I love Charles de Lint’s works, which shouldn’t be a surprise to anyone reading this. While Old Favorites Week ended last Friday, circumstances have forced me to review another Old Favorite for Monday. Don’t worry; things should be back on track by tomorrow. For those who haven’t heard of him, de Lint is Canadian, writes urban fantasy, and has the most soothing speaking voice I’ve heard.
Max Trader is a luthier — he makes and repairs guitars from his little shop in the funky part of Newford. One morning he wakes up and finds himself not in his own body — he’s in the body of one Johnny Devlin, a small-time con artist and all-around jerk. How did that happen? Can he get back into his proper body? As it turns out, Johnny Devlin is in his body as well. Can they switch back?
The cast of secondary characters — well, at least, ones who aren’t Max and Johnny — are pretty much all female. Zeffy is our primary female lead; her roommate, Tanya, was Johnny’s sometime girlfriend. When Zeffy finds herself strangely attracted to Johnny (who is actually Max), she’s a little weirded out for so many reasons, including loyalty. Nia is another lead; a fifteen-year-old Bohemian/Goth, she thinks school is ridiculous and would rather hang out with Max and watch him carve guitars. She’s having more problems than a mother who wants her to go to school, though — that same mother has been acting strangely recently, and Nia can’t understand why.

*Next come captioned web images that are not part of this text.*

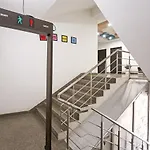 Aero Home Stay- Bed & Breakfast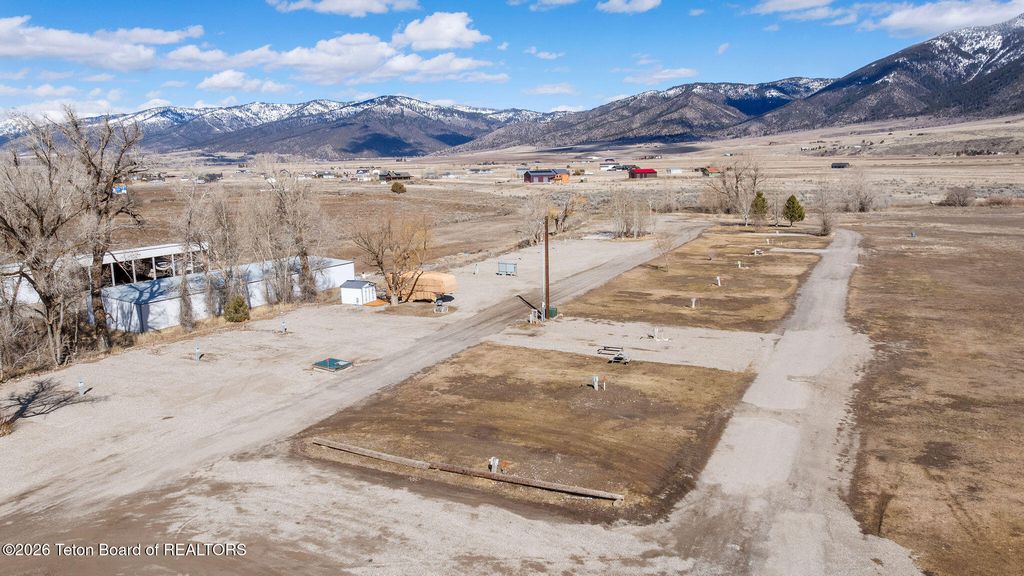 3449 SWAN VALLEY Highway, Irwin, ID 83428 photo 32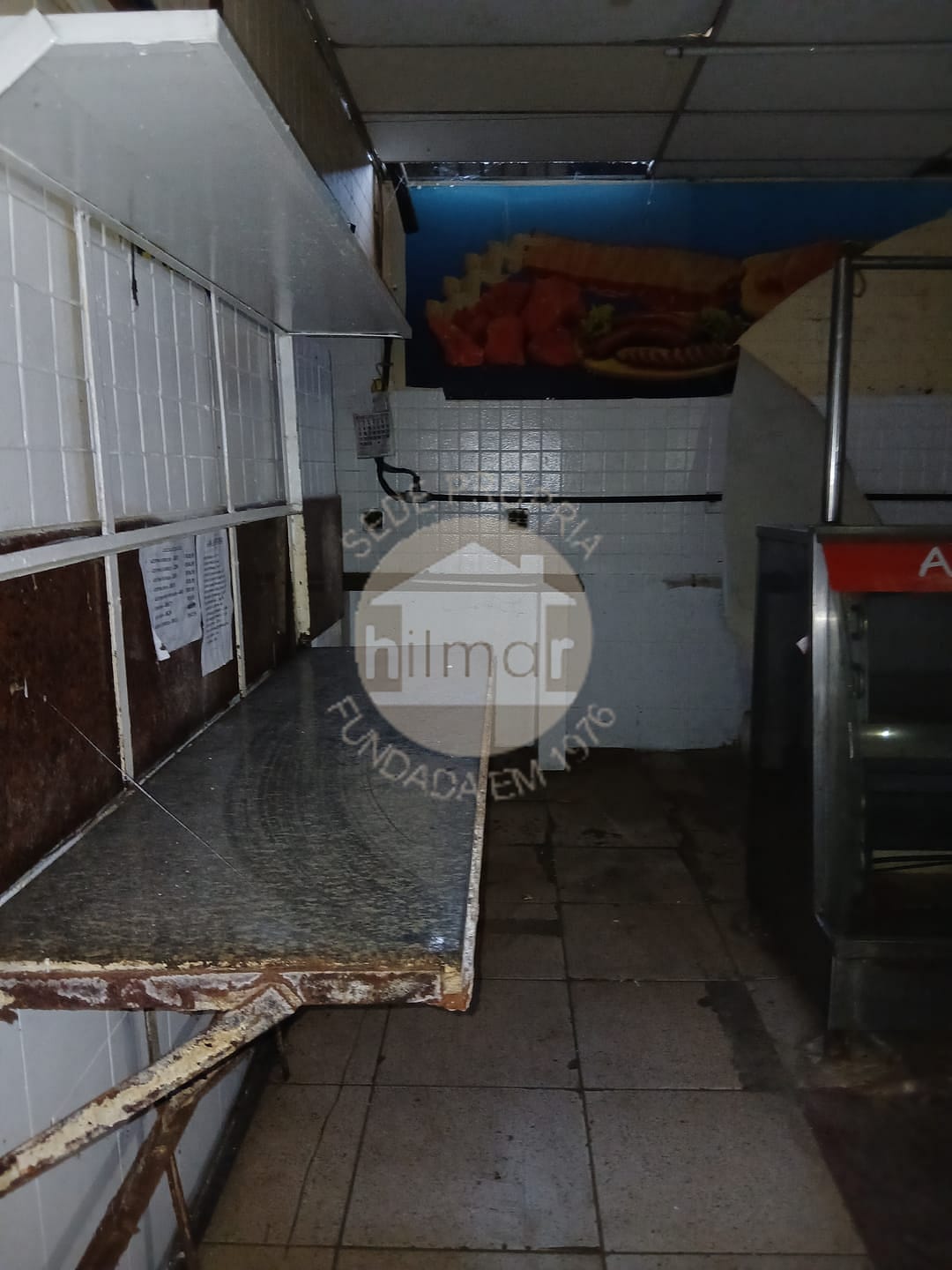 Loja-Salão para alugar, 106m² - Foto 27
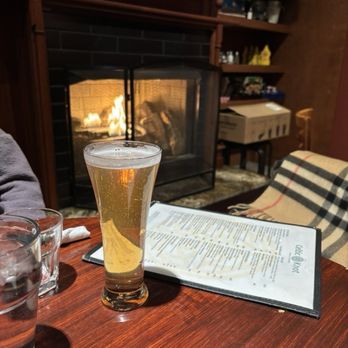 Celtic Knot Public House - Irish Pub Near Me - Evanston, Illinois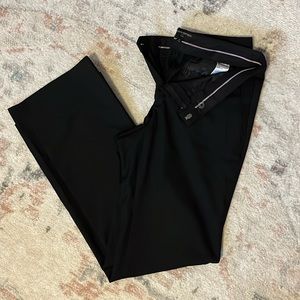 Banana republic Logan dress pants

The book is told from several different points of view; Max is our only first-person narrator. We do see many parts of the book from other points of view, primarily Zeffy’s and Nia’s. Max is also in present-tense; other sections are not. Most of de Lint’s novels have these switches between points of view and tenses, and they’ve never bothered me. Readers who hate that should consider themselves warned.
De Lint’s descriptions of Max and his craft are perhaps my favorite part of the book. My father plays guitar, so I do know a little bit about the instruments. Max’s stories about his teacher, his early years of guitar-making, and his connection to his father are all wonderful. He describes his connection to the wood in such wonderful terms that it seems to be (at least at the beginning) encompassing every possible aspect of his life and emotions. Woodworkers, instrument-makers, musicians, and the like would certainly enjoy this aspect of the story. I don’t think lay readers would find anything terribly difficult to understand; a good deal of people do know the basic things about guitars, like that they have a neck and a body. Frets are those bars on the neck that tell you where to put your fingers. No other knowledge should be necessary.
Other familiar characters make appearances, such as Geordie, Jilly, Cassie, and Bones. (No, not Bones like the TV show.) This was about the third or fourth Newford novel, though, so many of these characters are still fairly new. Overall, though, it’s quite a lovely book, and one of my favorites. Even though the basic premise could sound a bit hokey, de Lint gives it a new life and makes it fresh and interesting. No prior de Lint knowledge is really necessary, and I’d recommend it to nearly everyone. 5/5 stars.